Video:Characteristics of a Pueblo Style Homewith Fred Abler
Pueblo style homes are most recognized for their thick clay walls. Watch this About.com video to learn more about the common characteristics found in Pueblo home architecture.See Transcript
Transcript:Characteristics of a Pueblo Style Home
Hi, I'm Fred Abler, Graduate Architect and CEO of FormFonts.com. I'm here today for About.com to talk with you about the characteristics of a Pueblo style home.
Pueblo Homes are Prominent in the Southwest
Pueblos, or Adobes, originated with ancient Native Americans and have become a revival style since the early 1900s. You'll commonly find the modern versions of these eco-friendly dwellings in California and throughout the Southwest.
As clay is the only indigenous building material in the American Southwest, the walls of the traditional Pueblo style homes are constructed with this stiff mud and straw that is baked by the sun. These thick adobe walls, in fact, are the most defining characteristic of the style. A huge bonus of adobe is that it absorbs the sun's energy, and efficiently releases the heat later when needed. In other words, Pueblo interiors remain very cool when it's hot, and warm when it's cold, without the assistance of central heating and air.
Variations of Pueblo Style Homes
There are several variations of Pueblo revival style homes. The Dallidet Adobe in San Luis Obispo, California is a Territorial Pueblo with square corners, and framed windows with straight wooden moldings. Most other traditional Pueblo variations have rounded corners, deep-set, simple windows without framing, and flat roofs with no overhangs. Adobe homes have also absorbed Spanish influences; many have porches held up with posts, as seen here on the Dallidet Adobe.
Additional features of Pueblo style homes may include, but are not limited to: heavy wooden doors; stepped levels; vigas, or heavy wooden beams extending through the walls for roof support; beehive corner fireplaces; brick, wood, or flagstone flooring; benches that protrude from the walls, also known as bancos; and niches carved into the interior walls for display purposes. Ancient Native Americans built Pueblos originally as multi-family homes, but modern versions of this historic style vary greatly in interior size and layout.

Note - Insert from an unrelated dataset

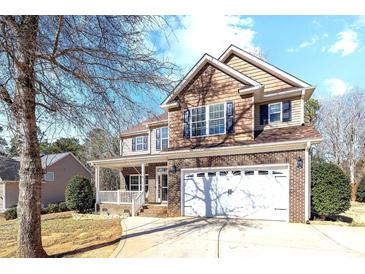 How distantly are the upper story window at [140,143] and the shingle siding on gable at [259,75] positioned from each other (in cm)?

Real Estate Market Value of Pueblo Homes Can Vary
The homes tend to stand alone in their present neighborhoods and landscapes, which can affect their market value in a number of ways, both good and bad. Pueblo style homes offer unique architectural features that borrow from the wisdom of ancient peoples. Their eclectic and unique features, by today's standards, make them both functional and beautiful.